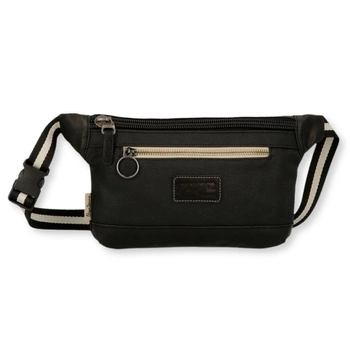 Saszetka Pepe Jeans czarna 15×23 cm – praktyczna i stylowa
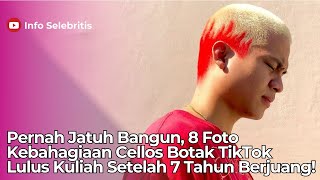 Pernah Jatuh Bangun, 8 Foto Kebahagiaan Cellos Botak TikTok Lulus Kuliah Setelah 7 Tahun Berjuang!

_ _ _ _ _ _ _

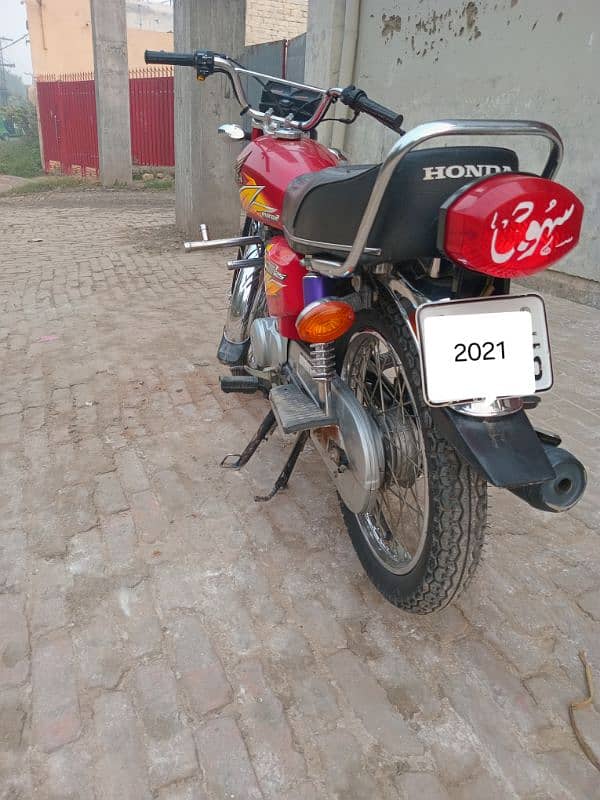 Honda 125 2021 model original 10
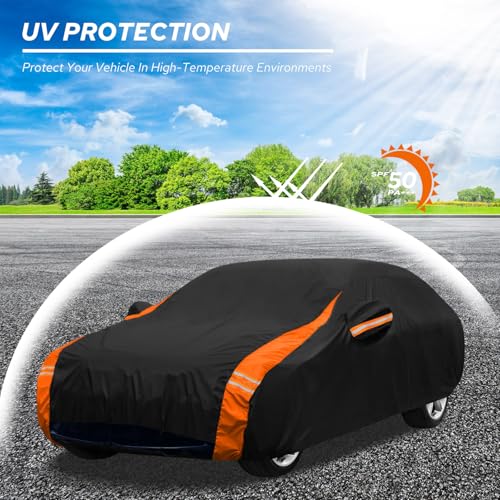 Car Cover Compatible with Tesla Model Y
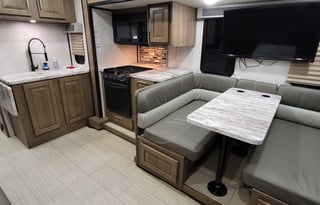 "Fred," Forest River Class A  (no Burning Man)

_ _ _ _ _ _ _

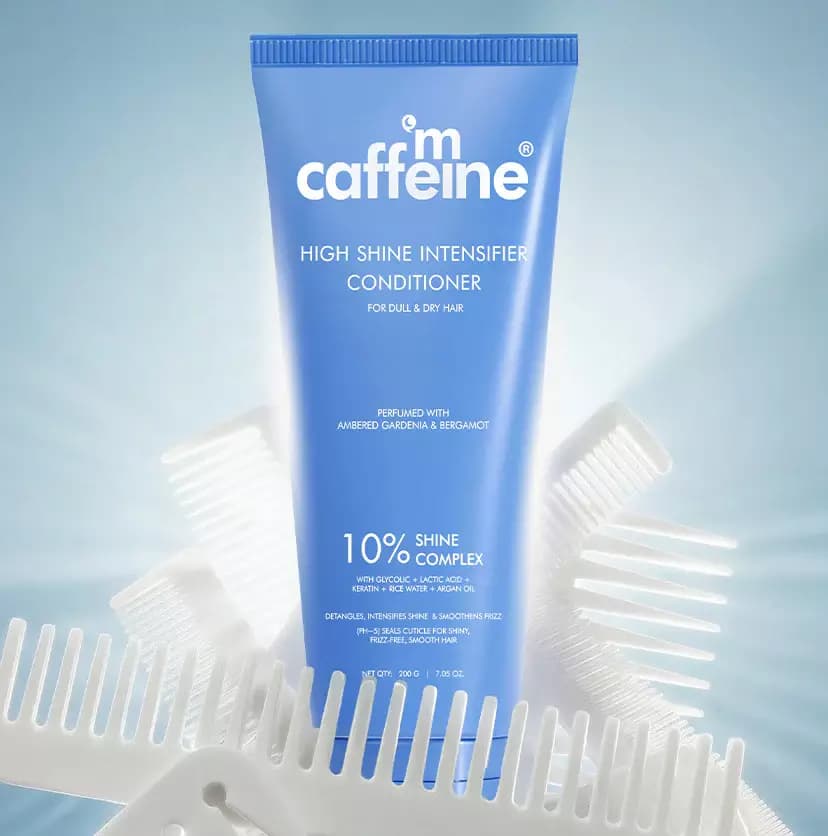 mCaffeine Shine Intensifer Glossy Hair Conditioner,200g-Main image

_ _ _ _ _ _ _

> [What this task involves] How would the lines above read from the one with "Honda 125 2021 model original 10" to the one with "(no Burning Man)", inclusive, with no pictures? Write them out exactly.

> [Reply]
 Honda 125 2021 model original 10
 Car Cover Compatible with Tesla Model Y
 "Fred," Forest River Class A  (no Burning Man)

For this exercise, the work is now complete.